Every time you visit a website, your browser sends an HTTP request to a server asking for data. The server processes that request and sends back an HTTP response containing the webpage, image, or whatever you asked for.

In R, you can do the same thing programmatically. Instead of clicking around in a browser, you write code that sends requests and processes responses. This is incredibly useful for:

  • Pulling data from APIs - Most modern web services offer APIs that return structured data (usually JSON)
  • Web scraping - When there's no API, you can request HTML pages and extract the data you need
  • Building integrations - Connect your R code to external services like Slack, GitHub, or Stripe
  • Automating workflows - Schedule scripts to fetch fresh data without manual intervention

The key difference from using a browser? You get to process the responses programmatically, which means you can extract exactly what you need and integrate it directly into your data analysis pipeline.

Getting started with httr2

R has several packages for making HTTP requests, but httr2 is the modern standard. It's a complete rewrite of the older httr package with a cleaner, pipe-friendly interface and better features for working with APIs.

If you've used httr before, httr2 might feel familiar but better. Think of it as httr that learned from five years of real-world usage and fixed all the annoying parts.

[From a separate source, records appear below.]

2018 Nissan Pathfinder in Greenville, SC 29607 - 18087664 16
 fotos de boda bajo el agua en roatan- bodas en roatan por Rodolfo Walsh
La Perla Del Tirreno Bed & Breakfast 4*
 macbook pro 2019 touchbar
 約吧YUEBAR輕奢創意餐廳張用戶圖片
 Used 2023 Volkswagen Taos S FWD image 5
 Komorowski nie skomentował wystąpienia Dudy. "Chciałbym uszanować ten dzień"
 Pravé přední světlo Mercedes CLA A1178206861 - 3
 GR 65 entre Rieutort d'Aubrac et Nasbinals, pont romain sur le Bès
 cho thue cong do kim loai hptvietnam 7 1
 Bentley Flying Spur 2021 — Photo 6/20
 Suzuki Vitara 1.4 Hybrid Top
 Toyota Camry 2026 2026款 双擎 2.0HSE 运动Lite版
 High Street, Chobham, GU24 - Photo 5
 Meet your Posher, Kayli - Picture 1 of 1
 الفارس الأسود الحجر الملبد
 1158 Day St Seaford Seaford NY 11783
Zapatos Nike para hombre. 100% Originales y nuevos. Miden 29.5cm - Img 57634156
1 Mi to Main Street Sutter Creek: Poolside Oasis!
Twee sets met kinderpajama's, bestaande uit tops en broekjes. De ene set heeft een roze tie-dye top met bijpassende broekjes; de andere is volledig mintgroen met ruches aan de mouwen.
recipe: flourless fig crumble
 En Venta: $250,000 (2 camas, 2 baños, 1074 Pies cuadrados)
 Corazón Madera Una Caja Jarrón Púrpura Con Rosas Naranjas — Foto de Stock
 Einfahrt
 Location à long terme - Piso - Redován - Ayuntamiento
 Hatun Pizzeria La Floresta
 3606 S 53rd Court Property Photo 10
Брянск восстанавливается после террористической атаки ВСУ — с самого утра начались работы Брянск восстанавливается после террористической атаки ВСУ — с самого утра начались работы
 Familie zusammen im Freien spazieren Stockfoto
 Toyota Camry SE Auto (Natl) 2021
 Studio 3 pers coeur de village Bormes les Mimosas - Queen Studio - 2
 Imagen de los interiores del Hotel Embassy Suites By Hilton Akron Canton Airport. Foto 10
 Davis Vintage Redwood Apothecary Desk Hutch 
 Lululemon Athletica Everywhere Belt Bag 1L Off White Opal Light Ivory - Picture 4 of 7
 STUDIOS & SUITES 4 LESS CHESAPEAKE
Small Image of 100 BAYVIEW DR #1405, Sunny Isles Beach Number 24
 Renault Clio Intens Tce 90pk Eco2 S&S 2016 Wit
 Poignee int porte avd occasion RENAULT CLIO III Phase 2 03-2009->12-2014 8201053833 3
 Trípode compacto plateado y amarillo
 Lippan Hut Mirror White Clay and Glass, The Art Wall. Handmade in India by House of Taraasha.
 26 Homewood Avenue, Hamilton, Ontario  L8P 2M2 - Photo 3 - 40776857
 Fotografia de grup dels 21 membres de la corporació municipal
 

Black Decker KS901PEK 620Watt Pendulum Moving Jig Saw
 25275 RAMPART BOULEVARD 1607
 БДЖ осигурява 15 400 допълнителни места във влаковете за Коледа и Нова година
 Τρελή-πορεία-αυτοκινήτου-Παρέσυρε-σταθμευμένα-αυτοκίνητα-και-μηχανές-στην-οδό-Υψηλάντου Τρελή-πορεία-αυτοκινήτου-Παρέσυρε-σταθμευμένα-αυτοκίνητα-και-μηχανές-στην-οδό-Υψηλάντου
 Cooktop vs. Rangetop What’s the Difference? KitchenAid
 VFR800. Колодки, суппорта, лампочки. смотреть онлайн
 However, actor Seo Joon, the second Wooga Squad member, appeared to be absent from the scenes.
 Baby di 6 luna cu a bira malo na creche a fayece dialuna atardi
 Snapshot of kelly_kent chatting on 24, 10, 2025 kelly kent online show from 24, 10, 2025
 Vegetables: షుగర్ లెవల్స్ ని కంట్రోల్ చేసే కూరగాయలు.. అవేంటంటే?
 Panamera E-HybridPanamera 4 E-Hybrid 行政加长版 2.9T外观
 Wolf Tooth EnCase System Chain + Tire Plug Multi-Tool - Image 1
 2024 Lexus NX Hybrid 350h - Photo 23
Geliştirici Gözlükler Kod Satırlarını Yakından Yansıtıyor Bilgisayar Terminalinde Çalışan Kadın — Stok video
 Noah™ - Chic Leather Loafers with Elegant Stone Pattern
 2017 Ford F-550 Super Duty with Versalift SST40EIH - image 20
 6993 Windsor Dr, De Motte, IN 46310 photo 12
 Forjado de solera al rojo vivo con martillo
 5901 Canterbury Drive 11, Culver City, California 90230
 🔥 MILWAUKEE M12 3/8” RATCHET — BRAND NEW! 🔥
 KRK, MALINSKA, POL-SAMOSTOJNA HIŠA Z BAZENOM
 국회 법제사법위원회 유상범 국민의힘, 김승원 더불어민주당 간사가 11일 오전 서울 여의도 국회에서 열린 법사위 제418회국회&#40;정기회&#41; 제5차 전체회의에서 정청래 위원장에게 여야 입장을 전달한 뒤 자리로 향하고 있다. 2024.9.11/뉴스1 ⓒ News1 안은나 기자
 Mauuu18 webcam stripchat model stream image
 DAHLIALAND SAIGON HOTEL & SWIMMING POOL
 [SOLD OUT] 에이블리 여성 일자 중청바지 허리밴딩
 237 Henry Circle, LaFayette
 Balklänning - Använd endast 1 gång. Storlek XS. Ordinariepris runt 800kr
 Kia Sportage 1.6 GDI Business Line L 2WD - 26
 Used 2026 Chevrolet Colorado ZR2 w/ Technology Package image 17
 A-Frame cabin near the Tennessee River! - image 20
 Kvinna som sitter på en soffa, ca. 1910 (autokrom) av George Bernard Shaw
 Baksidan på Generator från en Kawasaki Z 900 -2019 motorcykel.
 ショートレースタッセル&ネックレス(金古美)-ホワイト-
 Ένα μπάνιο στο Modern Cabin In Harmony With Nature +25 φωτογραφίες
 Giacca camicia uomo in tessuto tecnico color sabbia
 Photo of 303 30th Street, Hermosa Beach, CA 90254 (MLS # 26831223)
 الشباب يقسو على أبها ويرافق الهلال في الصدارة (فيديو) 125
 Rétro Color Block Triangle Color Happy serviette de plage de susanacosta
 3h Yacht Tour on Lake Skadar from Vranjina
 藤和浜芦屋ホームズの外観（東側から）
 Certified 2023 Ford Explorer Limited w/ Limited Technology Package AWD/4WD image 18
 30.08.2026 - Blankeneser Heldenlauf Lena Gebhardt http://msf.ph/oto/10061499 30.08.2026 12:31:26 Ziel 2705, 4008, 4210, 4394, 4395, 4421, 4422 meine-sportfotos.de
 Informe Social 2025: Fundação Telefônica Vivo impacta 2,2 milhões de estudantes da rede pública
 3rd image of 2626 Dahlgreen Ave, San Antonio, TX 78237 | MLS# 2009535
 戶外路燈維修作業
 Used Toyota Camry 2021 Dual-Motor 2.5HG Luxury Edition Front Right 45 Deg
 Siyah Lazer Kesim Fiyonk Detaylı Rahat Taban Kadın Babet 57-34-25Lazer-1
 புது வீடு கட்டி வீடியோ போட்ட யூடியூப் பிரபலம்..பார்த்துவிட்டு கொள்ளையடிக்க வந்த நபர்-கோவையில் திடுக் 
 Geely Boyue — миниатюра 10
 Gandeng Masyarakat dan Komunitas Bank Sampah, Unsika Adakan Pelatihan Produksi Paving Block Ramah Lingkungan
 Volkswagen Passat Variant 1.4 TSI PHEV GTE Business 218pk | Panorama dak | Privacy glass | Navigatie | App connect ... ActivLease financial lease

Install it like any other package:

install.packages("httr2")
library(httr2)

The core workflow in httr2 is straightforward:

  1. Create a request object
  2. Modify it (add headers, authentication, etc.)
  3. Perform the request
  4. Extract data from the response

This is different from httr, where you'd do everything in one function call. Having an explicit request object makes it easier to build complex requests step by step and works beautifully with pipes.

Your first GET request

Let's start simple. Here's how to fetch data from an API:

library(httr2)

# Create a request
req <- request("https://api.github.com/users/hadley")

# Perform it and get the response
resp <- req_perform(req)

# Check the status
resp

This returns something like:

<httr2_response>
GET https://api.github.com/users/hadley
Status: 200 OK
Content-Type: application/json
Body: In memory (1876 bytes)

A 200 status code means success. The response includes headers (like Content-Type) and a body containing the actual data.

To extract the JSON data from the response:

# Parse JSON response
user_data <- resp_body_json(resp)

# Access specific fields
user_data$name
user_data$public_repos

The resp_body_json() function automatically parses the JSON and returns an R list. For other response types, httr2 provides resp_body_html(), resp_body_xml(), and resp_body_string().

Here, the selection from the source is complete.